Jefferson profoundly influenced the founding of the United States in any number of ways, but the thing he is, and probably always will be, most remembered for is his involvement in drafting the Declaration of Independence. And rightly so!
There is, of course, much more to be highlighted about Jefferson:
his role in de-institutionalizing the Anglican Church in Virginia based on his belief in the separation of church and state;
his role in founding the University of Virginia;
his role as a diplomat;
his negotiating the Louisiana Purchase, which more than doubled the size of the new nation overnight, and;
his ongoing debates with Alexander Hamilton regarding the scope of the federal government.
Hamilton, for instance, believed presidents should be elected for life, and he further believed that governors of states should simply be appointed by presidents, rather than being elected by the people. He even went so far as to once complain of the “excess of democracy” in the new nation. Without Jefferson’s work in championing restricting the power of the federal government, we could very likely have a very different nation today.
As a vice-president and later as president, Jefferson made political enemies among the Federalists (those who favored a strong, centralized government) due to his outspoken defense of a limited federal government. Though scholars generally agree there’s no evidence Jefferson ever spoke this commonly misattributed quote, “That government is best which governs least,” the words do certainly sum up Jefferson’s beliefs.

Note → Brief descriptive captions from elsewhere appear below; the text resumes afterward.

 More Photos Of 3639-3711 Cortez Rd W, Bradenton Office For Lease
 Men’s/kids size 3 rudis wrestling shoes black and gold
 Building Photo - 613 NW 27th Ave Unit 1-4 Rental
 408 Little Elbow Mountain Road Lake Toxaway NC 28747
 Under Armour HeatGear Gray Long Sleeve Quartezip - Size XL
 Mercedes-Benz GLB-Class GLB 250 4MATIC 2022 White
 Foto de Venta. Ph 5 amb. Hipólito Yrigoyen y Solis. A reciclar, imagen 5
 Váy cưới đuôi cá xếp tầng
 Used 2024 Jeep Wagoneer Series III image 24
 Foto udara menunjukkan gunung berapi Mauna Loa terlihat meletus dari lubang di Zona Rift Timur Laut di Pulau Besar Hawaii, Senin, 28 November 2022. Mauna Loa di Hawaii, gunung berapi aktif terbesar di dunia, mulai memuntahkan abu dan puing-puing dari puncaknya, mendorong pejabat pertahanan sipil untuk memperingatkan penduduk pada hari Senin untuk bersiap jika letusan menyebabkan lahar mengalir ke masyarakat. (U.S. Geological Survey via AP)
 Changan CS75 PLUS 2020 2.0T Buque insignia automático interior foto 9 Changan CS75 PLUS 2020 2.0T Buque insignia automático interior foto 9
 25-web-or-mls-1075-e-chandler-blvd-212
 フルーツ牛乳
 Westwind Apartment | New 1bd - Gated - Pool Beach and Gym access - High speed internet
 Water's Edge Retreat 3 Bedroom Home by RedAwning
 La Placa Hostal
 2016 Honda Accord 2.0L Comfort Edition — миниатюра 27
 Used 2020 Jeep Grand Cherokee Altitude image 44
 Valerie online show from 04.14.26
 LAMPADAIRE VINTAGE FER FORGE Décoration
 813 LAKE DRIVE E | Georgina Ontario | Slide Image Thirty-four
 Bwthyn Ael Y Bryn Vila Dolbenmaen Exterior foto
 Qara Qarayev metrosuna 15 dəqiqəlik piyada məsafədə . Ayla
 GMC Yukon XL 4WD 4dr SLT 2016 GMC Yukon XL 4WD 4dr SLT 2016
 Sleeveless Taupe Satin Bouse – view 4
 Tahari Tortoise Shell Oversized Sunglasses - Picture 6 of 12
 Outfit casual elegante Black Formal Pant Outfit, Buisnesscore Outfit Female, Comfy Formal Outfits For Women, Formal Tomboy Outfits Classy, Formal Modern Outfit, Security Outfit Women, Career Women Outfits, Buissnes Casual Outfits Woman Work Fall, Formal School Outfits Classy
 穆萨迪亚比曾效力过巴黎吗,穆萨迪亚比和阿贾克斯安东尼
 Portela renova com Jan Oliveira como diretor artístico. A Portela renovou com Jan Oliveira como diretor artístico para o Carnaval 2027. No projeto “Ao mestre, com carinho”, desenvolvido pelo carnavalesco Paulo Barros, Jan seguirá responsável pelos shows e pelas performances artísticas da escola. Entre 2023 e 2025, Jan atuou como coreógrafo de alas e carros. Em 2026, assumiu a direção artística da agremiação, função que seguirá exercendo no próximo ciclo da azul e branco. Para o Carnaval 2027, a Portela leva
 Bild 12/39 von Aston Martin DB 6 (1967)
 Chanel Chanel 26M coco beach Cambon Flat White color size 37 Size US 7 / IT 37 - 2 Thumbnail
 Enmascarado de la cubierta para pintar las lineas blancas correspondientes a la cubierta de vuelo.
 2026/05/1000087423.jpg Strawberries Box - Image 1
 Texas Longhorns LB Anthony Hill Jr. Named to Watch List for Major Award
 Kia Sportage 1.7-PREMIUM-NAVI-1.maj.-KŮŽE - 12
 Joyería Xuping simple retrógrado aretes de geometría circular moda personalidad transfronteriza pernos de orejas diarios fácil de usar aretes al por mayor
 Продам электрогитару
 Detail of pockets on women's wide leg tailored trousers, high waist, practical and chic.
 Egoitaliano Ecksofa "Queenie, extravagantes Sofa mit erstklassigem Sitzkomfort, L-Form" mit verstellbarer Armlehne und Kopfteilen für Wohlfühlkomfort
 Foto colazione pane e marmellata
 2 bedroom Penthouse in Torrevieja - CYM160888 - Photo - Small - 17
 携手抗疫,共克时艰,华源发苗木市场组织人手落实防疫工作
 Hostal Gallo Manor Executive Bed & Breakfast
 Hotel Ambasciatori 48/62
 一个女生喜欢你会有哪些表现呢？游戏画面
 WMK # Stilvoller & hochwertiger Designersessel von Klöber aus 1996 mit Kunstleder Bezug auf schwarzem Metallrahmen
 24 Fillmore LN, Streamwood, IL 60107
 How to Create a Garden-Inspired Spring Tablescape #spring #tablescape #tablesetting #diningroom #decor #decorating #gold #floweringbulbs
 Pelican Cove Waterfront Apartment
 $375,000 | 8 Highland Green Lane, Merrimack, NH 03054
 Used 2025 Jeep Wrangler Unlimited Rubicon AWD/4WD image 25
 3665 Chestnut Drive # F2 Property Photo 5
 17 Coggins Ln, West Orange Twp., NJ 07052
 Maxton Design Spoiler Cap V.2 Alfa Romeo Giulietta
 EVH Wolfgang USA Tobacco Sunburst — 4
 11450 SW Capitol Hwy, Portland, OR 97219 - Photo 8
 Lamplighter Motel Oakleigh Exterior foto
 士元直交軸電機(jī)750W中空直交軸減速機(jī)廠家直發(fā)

Jefferson violated his own most deeply held principles concerning human freedom by owning slaves. A lesser known fact is that though Jefferson owned slaves, he did fight to place restrictions on America’s slave system. In 1808, during his second term in office, Congress passed, with his support, an act prohibiting the importation of any more African slaves to the United States.
One of the most admirable things about Jefferson is that he, unlike so many modern day politicians, was not ambitious for political power. After the revolution, he kept trying to retire to Monticello, his farm in Virginia, but he kept being asked to return to Washington to help guide the new nation.
In accepting his role as statesman, he was doing what he regarded as best for his country, not what he would simply prefer for himself. This is a quality of character all too often missing in today’s political landscape. Such a disinterest in power would be a welcome and refreshing thing to see among contemporary elected officials, wouldn’t it?